== ABOUT THIS EXERCISE ==
Pictures do not belong in the copy; quote every entry below exactly.
———
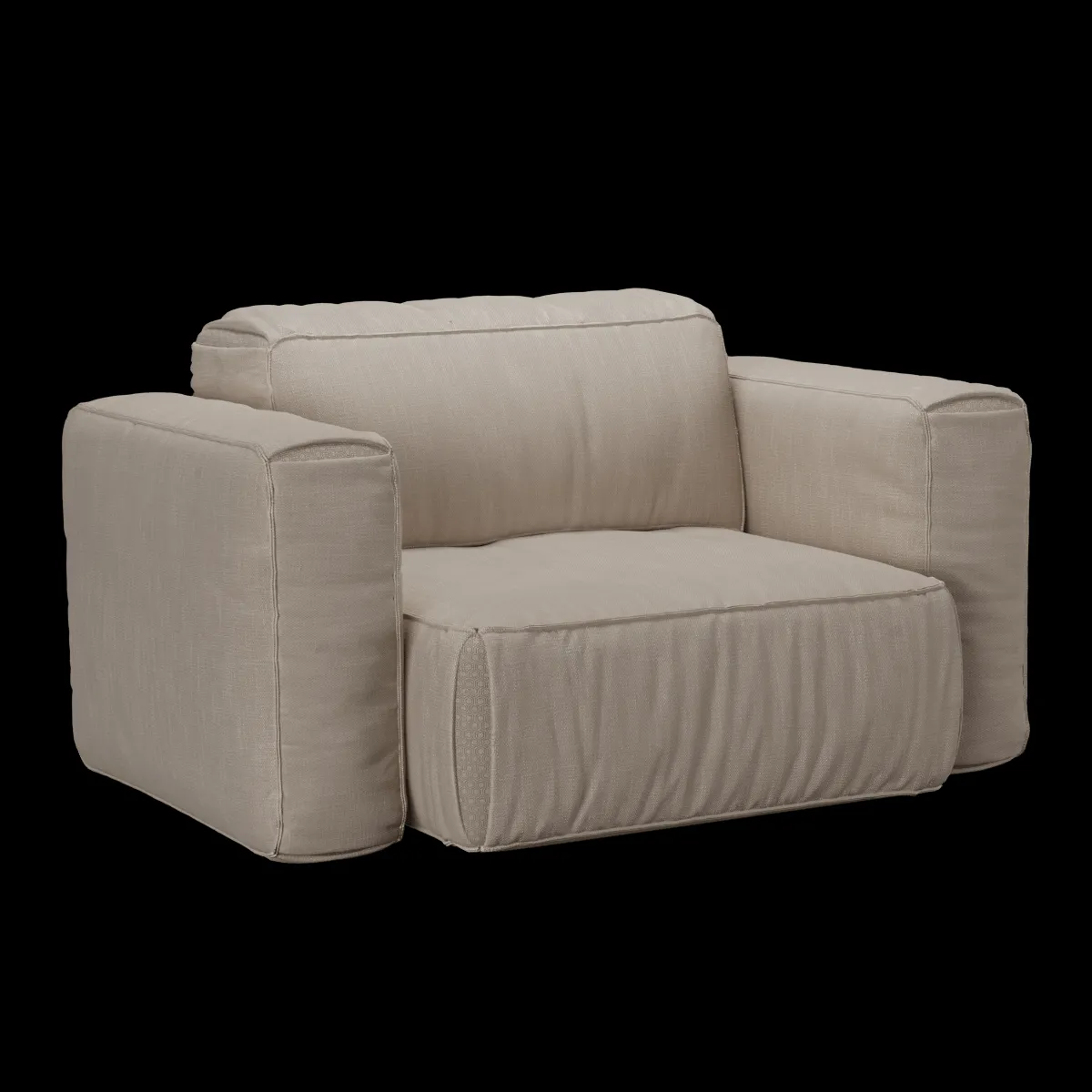 furniture – Koo International soft armchair 3ds Max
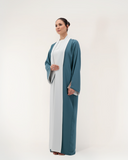 Reversible Tiffany Blue & Cream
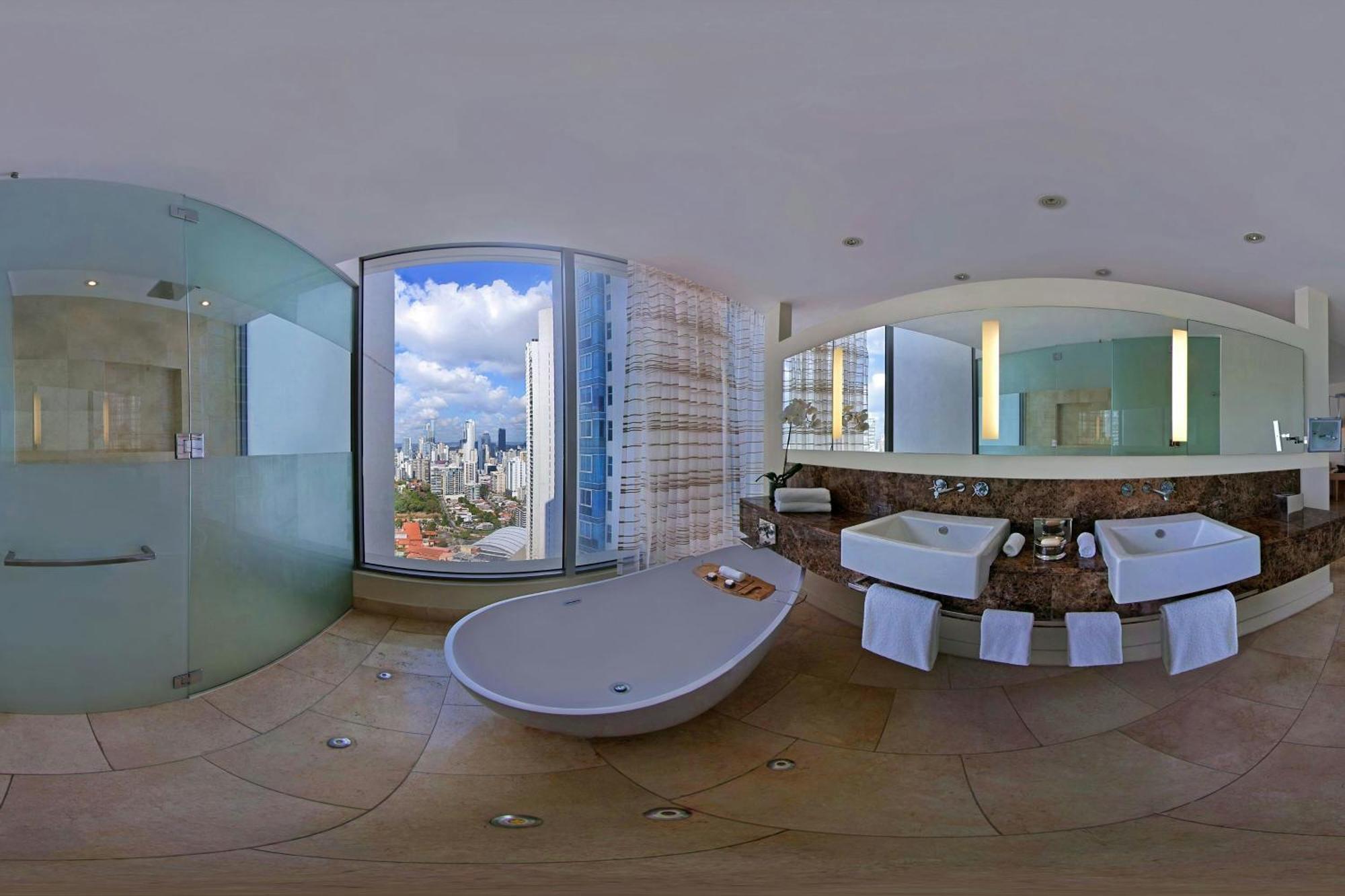 Jw Marriott Panama Hotel Ngoại thất bức ảnh Bathroom in the Mandarin Oriental, Munich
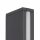 LED Wegeleuchte Schwarz Aluminium IP54 70 cm 600 lm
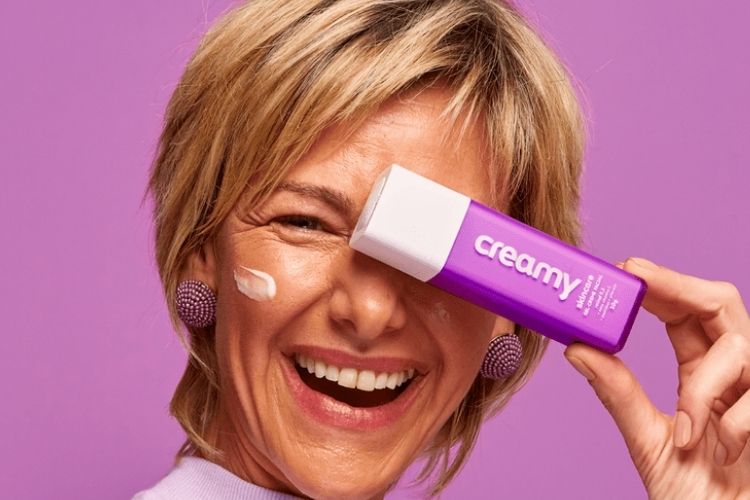 Produtos de beleza Very Peri: Retinol da Creamy Skincare Produtos de beleza Very Peri: Retinol da Creamy Skincare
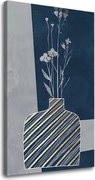 Obraz na plátne KVETY VO VÁZE 001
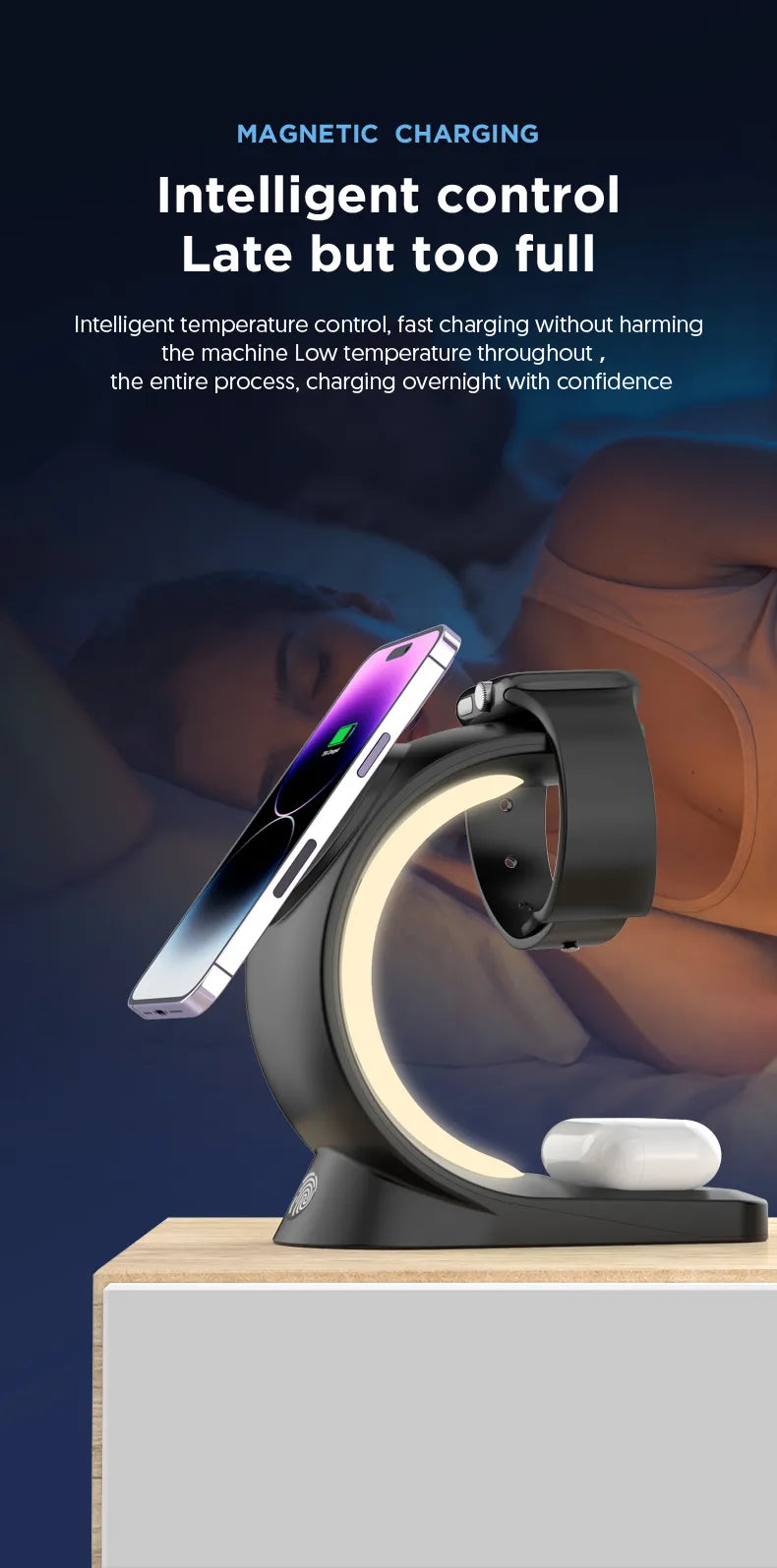 Magnetic Wireless Charger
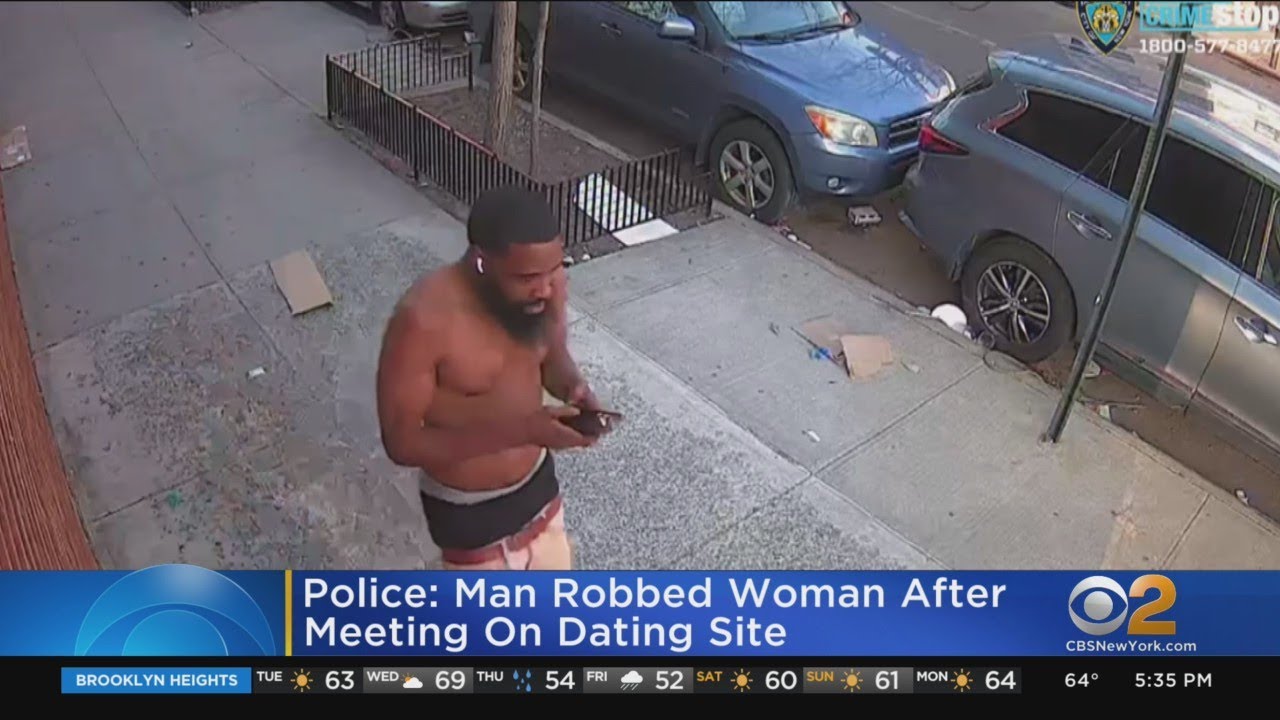 Police: Man Robbed Brooklyn Woman After Meeting On Dating Site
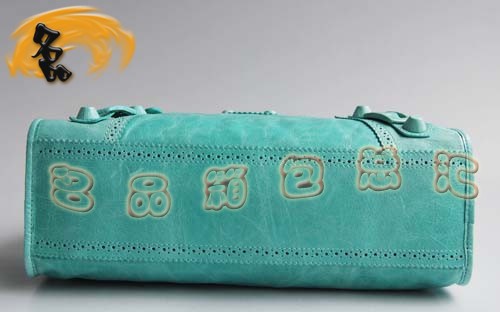 084832 BALENCIAGA斜挎包 BALENCIAGA超A 時尚女士手提包 巴黎世家機車包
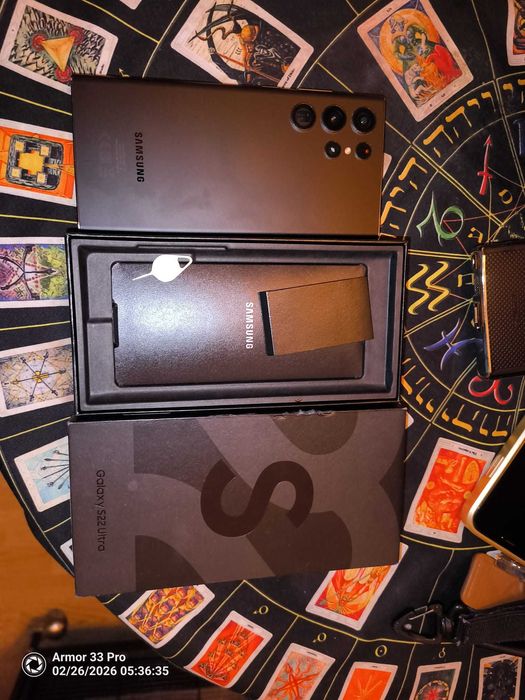 Galaxy S22 Ultra e Iphone 11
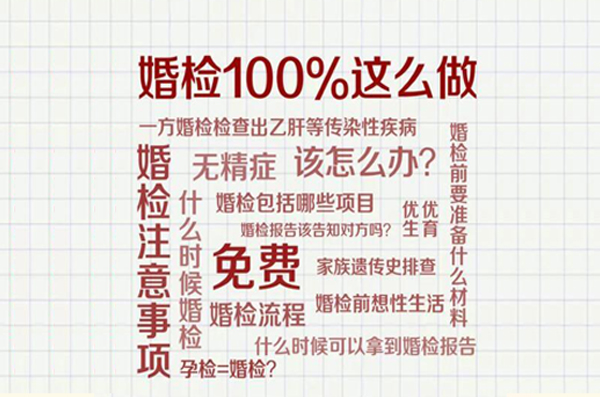 結婚前，一定要做婚檢！附你最想知道的這些問題！  第1張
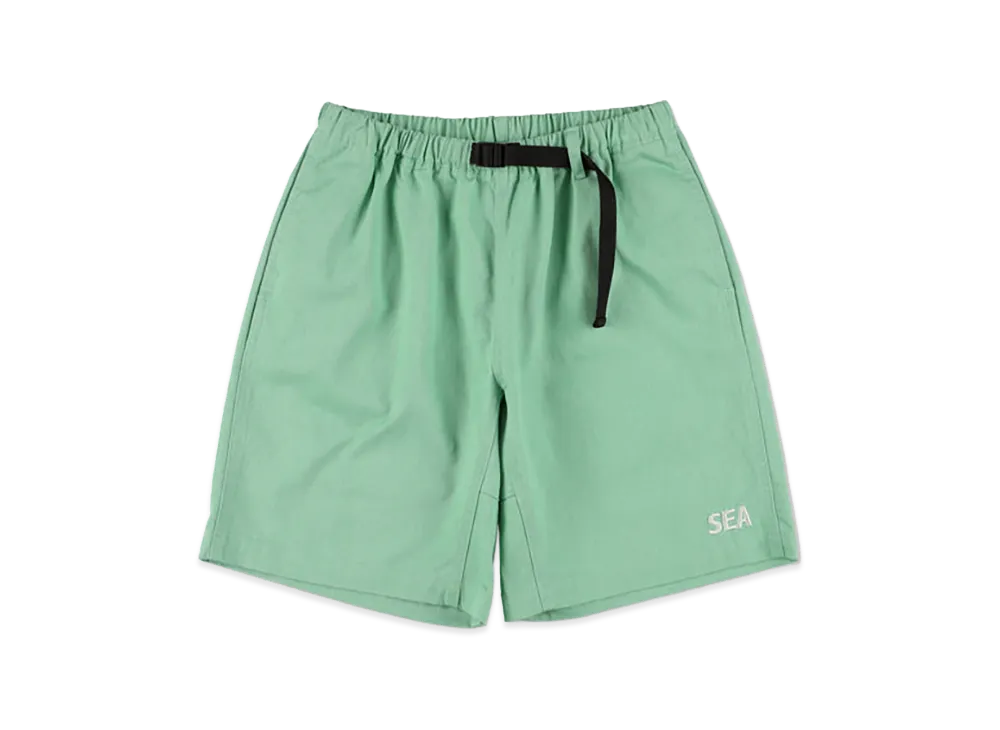 WIND AND SEA Ess Sea Shorts "Mint"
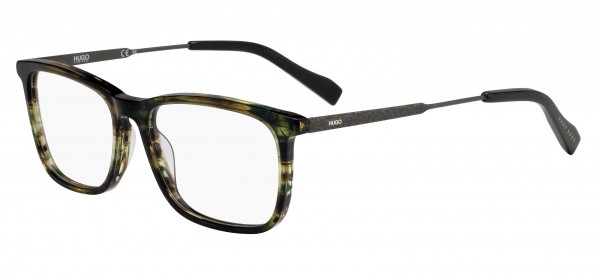 HUGO Hugo 0307 Eyeglasses, 0PF3 Striped Green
———
== ANSWER TO THE EXERCISE ==
 furniture – Koo International soft armchair 3ds Max
 Reversible Tiffany Blue & Cream
 Jw Marriott Panama Hotel Ngoại thất bức ảnh Bathroom in the Mandarin Oriental, Munich
 LED Wegeleuchte Schwarz Aluminium IP54 70 cm 600 lm
 Produtos de beleza Very Peri: Retinol da Creamy Skincare Produtos de beleza Very Peri: Retinol da Creamy Skincare
 Obraz na plátne KVETY VO VÁZE 001
 Magnetic Wireless Charger
 Police: Man Robbed Brooklyn Woman After Meeting On Dating Site
 084832 BALENCIAGA斜挎包 BALENCIAGA超A 時尚女士手提包 巴黎世家機車包
 Galaxy S22 Ultra e Iphone 11
 結婚前，一定要做婚檢！附你最想知道的這些問題！  第1張
 WIND AND SEA Ess Sea Shorts "Mint"
 HUGO Hugo 0307 Eyeglasses, 0PF3 Striped Green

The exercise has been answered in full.